在两条大河交汇的地方,有一个叫做“地方三台”的艺术小组,他们要在武汉美术馆举办首场个展。小组的成员易超、余康和刘畅都是湖北老乡,大家都在湖北美术学院念过书。后来他们分别跑到了中国美术学院、中央美术学院、上海大学上海美术学院去深造。他们在外地读书和搞创作的时候,就形成了跨地域的合作习惯。这次展览的标题叫“于两条河流之间”,这名字挺有深意。既指武汉美术馆挨着江建的地理位置——长江和汉水流到这里汇合;也是想借用古希腊哲学家赫拉克利特的话,说万物都在变。
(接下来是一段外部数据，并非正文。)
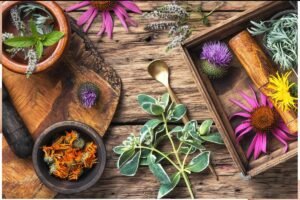 Healing Through Herbs
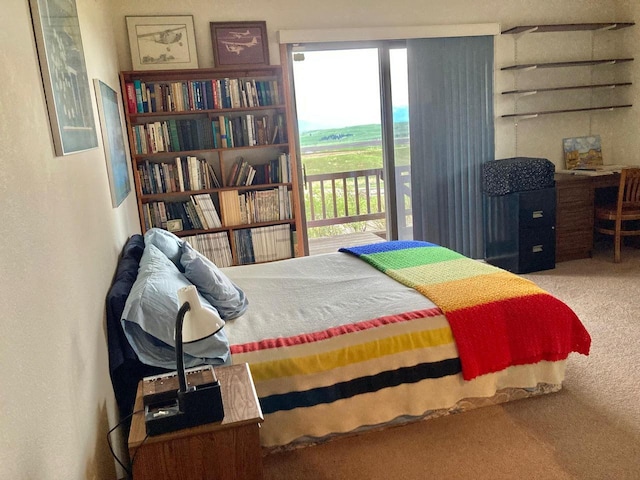 42984 Flathead View Dr, Polson, MT 59860 - bedroom featuring carpet flooring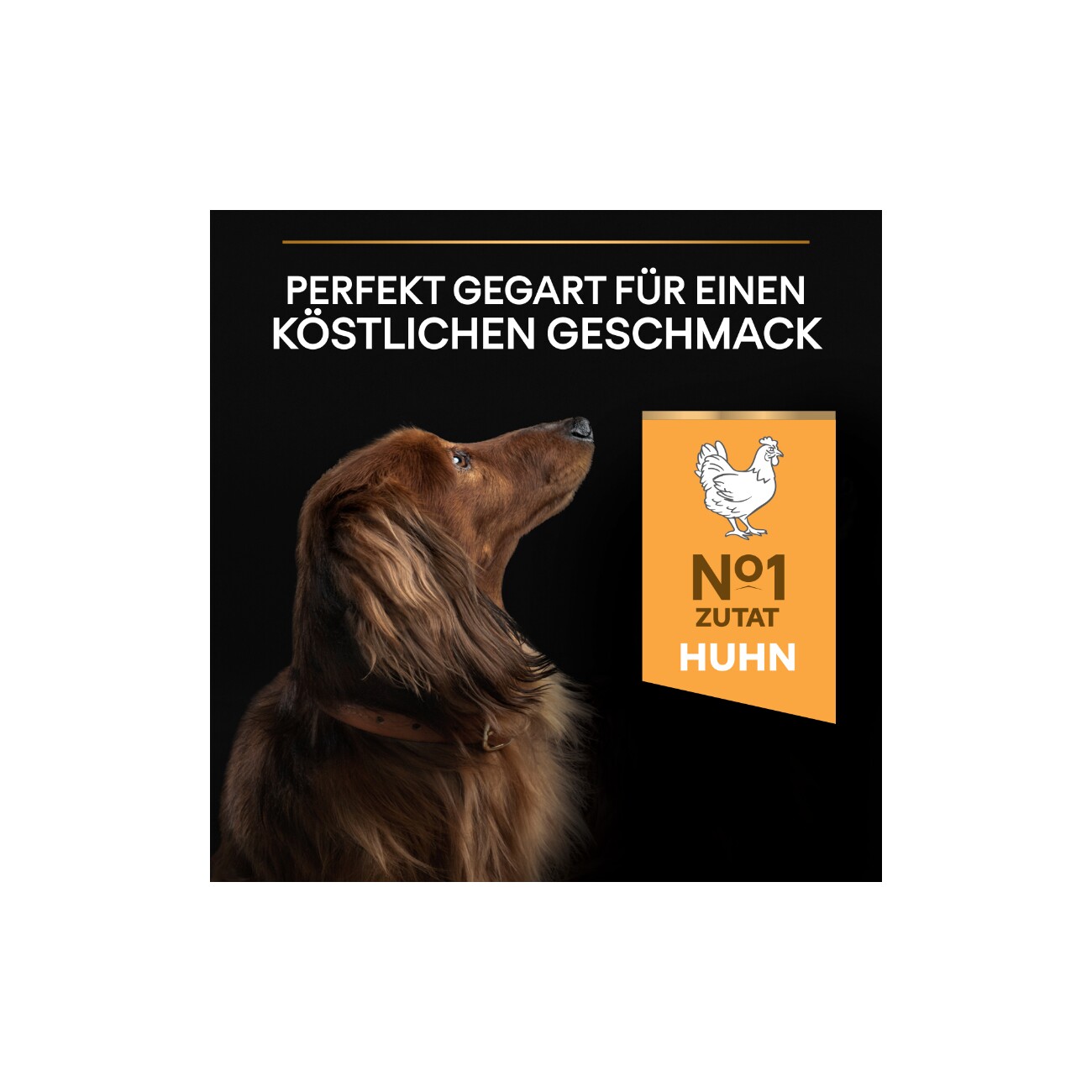 PRO PLAN Adult Small & Mini Huhn 3kg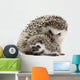 Four-Toed Hedgehogs Atelerix Albiventris 3 Weeks Old Wall Decal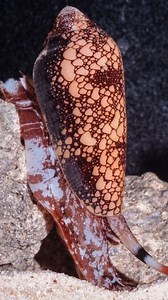 367K views · 17K reactions | Deadly Beauty: Beware the Textile Cone...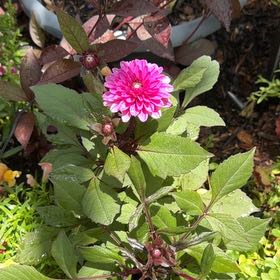 Photo of the plant species Garden Dahlia by @VibrantWhitefir named Zion on Greg, the plant care app
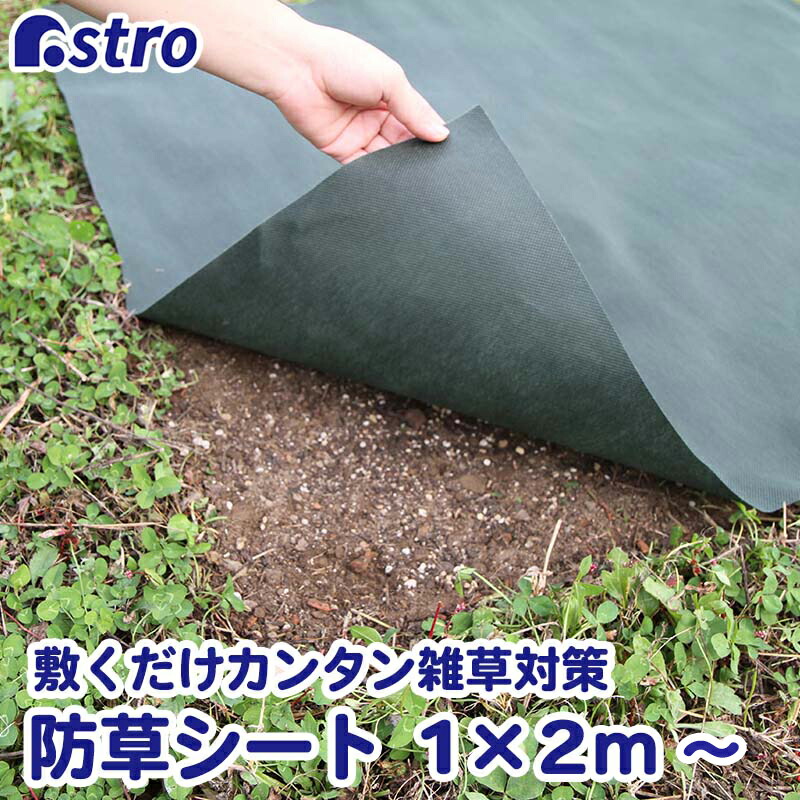 アスレタ様 防草シート一本 602-va2.jpg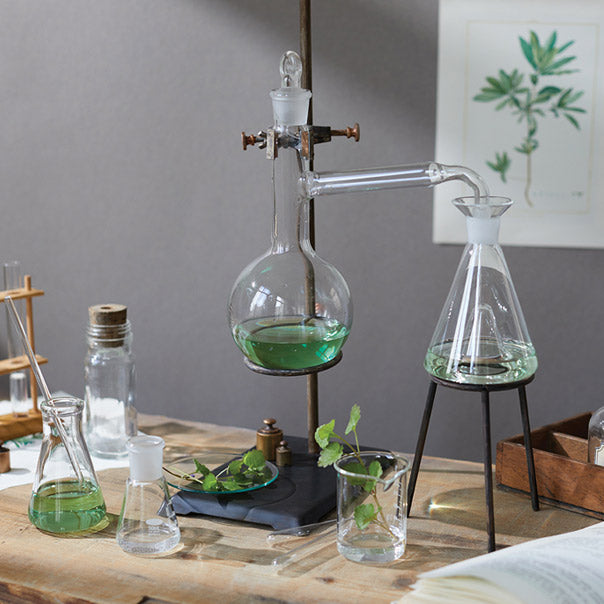 Soins dermocosmétique à base de plantes médicinales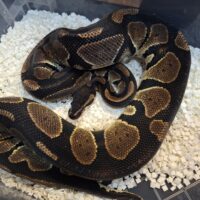 ボールパイソン（ブラックヘッド）1100g オス（繁殖経験あり）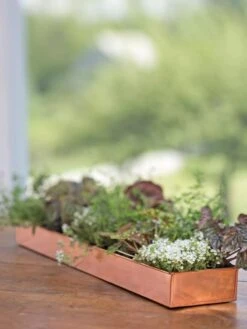 Rectangular Copper Plant Tray, 24" X 5" -Garden Care Shop 8593533 4626 tif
这世上的事情就像河水一样不停地流着,艺术呢,就在这流动中给时代搭建起一个虽说是临时但很结实的“意义小岛”。“地方三台”这个小组的创作过程,其实就是站在好几个现代浪潮中间观察和琢磨。他们搞创作的套路叫“技术赋格”,就是把日常生活里的东西从原本的用途逻辑里抽出来,放到两种对立的概念中间悬着。比如《概念库存》就在实物和概念之间游走,《福特时代》在移动和静止之间对峙,《孵化器》在控制和意外之间博弈。这种中间状态不是躲现实,而是主动往时代系统的裂缝里钻。通过这些东西出故障的样子,就能把现在社会里那些很深的矛盾给显影出来。这次展览把他们近几年的作品都梳理了一下:艺术家拿那些冷冰冰的数字化模型去插手日常的工业产品,在理性和感性、好用的功能跟艺术废墟之间搭起了好多能对话的平台。这个展本身也成了一条思考的河沟,让理性的逻辑跟诗意的直觉碰在一起。地方的文化基因和全球的艺术语法在这儿聊天,技术发展的水流和人文精神的回响在这儿互相冲刷、撞击。“地方三台”用冷硬的数字建模做骨头,用温暖的艺术光芒做魂灵,邀请大家一起来这片充满未知和可能的中间地带走走。这既是他们多年探索的总结展示,也是站在长江边上对技术时代人类日子过得咋样的一个深刻叩问。每一回停下脚步仔细看一眼,都是我们对这不停流动的时代最真诚的回应。 傅中望老师有个作品挺有意思的,叫《临时卧倒》。他用铁和电机还有程控系统造了个机械剧场,主角是个倒在地上的立式电风扇。那个风扇是用镀锌板铆接起来的,保留了原来扇风的工作机制。但通过把它放倒的姿态变化,就让风扇不光是头动了身子也跟着滚起来。姿态一变功能也变了样:实用的作用让位给了好看和琢磨的东西。电风扇变成了个“存在主义的演员”,它不停地转圈转动,用那种干活的机械劲儿隐喻了现代的生存状况。标题里的“临时”就是说过渡的办法——倒下来既不是认输也不是死路一条,而是暂时歇息准备好的状态。 还有一个作品叫《钩饵》,是用铁和不锈钢还有金箔做的。他把雕塑的底座跟鱼钩拆了重新弄在一起。通过把底座吊起来让它变成个巨大的“鱼饵”,把权力的符号给戏剧性地翻了个个儿。当观众围着这个装置走的时候,这种设计就把传统艺术里固定的主客关系给打破了——观众既是看画的人又成了被“鱼钩”盯着的“鱼群”,这两个身份一会儿悬空一会儿互相照应,逼着大家反思谁看谁的这种动态权力结构。 接下来介绍一下“地方三台”这几个人。他们把“地方性”当根绳子系住自己不飘走,可也没把自己圈在地界线里头。这个“地方”其实指的是一种文化的根子和精神的基站——既是家乡基因的传话筒又是连通现在艺术语言的中心枢纽。这小组由易超、余康还有刘畅三位年轻艺术家组成。他们在搞当代雕塑和装置艺术的时候不光搭起了一条隐性的干活路子更是在讲故事的空间、物的诗学还有现场介入这些方面找到了共同的方向。他们给自己起名叫“三台”既像是三人协作的矩阵也暗示了艺术传播是在哪儿发生的基础。 易超是1991年生在湖北黄石的。2015年他在湖北美术学院雕塑系本科毕业了之后跑去中国美术学院雕塑与公共艺术学院念硕士和研究生一直念到了2019年。现在他是清华大学美术学院的博士生同时在湖北省美术院雕塑与新媒体创作室上班搞当代艺术创作。 余康是1993年生在湖北黄石的。2017年他在湖北美术学院雕塑系本科毕业了之后跑到中国美术学院雕塑与公共艺术学院念硕士和研究生念到了2020年。现在他也是清华大学美术学院的博士生。 刘畅是1995年生在湖北武汉的。2018年他在湖北美术学院雕塑系本科毕业了之后去中央美术学院雕塑系念硕士和研究生一直念到了2021年。现在他是上海大学上海美术学院的博士生。